--- START ---

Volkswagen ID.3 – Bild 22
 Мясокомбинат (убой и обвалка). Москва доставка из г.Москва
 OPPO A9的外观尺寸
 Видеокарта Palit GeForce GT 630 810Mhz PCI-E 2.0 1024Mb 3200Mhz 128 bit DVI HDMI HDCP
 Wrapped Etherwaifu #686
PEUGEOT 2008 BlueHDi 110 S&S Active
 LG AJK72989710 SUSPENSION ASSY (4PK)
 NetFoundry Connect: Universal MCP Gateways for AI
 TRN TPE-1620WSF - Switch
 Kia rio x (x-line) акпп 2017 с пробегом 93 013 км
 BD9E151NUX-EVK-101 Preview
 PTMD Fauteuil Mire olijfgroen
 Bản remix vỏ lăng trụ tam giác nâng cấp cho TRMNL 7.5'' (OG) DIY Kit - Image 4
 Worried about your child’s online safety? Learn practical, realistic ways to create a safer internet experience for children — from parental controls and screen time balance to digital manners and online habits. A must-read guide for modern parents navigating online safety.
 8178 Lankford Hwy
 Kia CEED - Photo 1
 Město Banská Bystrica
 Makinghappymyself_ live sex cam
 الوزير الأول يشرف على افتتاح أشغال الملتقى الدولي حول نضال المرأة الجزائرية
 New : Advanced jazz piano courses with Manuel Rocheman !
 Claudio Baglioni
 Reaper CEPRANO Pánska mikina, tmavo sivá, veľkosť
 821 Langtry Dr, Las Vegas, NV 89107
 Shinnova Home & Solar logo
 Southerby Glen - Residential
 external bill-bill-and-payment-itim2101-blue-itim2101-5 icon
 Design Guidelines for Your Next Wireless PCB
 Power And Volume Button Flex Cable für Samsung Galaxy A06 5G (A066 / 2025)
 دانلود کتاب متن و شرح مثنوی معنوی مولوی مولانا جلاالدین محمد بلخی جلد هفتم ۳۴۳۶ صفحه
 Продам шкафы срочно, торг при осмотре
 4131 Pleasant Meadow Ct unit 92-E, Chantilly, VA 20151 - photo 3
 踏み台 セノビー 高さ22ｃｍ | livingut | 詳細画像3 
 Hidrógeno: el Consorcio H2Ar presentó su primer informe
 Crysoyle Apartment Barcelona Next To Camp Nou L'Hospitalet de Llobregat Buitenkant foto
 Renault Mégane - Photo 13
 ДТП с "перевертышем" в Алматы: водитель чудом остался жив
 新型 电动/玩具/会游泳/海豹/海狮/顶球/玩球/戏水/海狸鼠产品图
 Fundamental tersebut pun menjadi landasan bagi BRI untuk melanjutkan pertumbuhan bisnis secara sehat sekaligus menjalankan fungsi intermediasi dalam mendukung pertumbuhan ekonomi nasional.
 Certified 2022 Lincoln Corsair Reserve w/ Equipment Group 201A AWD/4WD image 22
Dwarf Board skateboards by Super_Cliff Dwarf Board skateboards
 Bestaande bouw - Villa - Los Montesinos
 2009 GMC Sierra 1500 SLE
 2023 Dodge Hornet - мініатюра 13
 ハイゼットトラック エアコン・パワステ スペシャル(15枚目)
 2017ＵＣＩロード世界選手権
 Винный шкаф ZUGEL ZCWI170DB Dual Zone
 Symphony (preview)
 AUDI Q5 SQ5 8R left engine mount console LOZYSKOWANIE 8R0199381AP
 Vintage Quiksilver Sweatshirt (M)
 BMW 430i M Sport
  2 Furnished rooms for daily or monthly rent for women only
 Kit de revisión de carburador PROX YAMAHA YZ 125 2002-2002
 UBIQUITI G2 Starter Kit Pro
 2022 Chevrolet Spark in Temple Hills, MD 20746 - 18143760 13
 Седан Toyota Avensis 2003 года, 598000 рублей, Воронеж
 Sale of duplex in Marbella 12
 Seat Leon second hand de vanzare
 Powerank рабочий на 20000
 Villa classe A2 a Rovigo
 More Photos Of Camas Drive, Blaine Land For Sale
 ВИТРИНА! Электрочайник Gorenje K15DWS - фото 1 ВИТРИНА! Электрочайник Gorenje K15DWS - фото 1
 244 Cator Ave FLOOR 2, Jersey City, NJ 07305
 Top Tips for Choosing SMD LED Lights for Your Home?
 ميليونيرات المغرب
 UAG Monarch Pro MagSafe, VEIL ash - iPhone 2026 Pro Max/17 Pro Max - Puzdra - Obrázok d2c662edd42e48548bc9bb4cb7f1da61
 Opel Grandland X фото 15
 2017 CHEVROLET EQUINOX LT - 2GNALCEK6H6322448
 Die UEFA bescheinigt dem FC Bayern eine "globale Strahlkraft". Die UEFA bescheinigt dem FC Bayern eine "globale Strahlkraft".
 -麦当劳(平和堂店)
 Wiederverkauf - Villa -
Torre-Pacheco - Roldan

--- END ---

| What you should do |
Please give the number of lines in the material above that contain the string "Home", and nothing else.

| Final answer |
2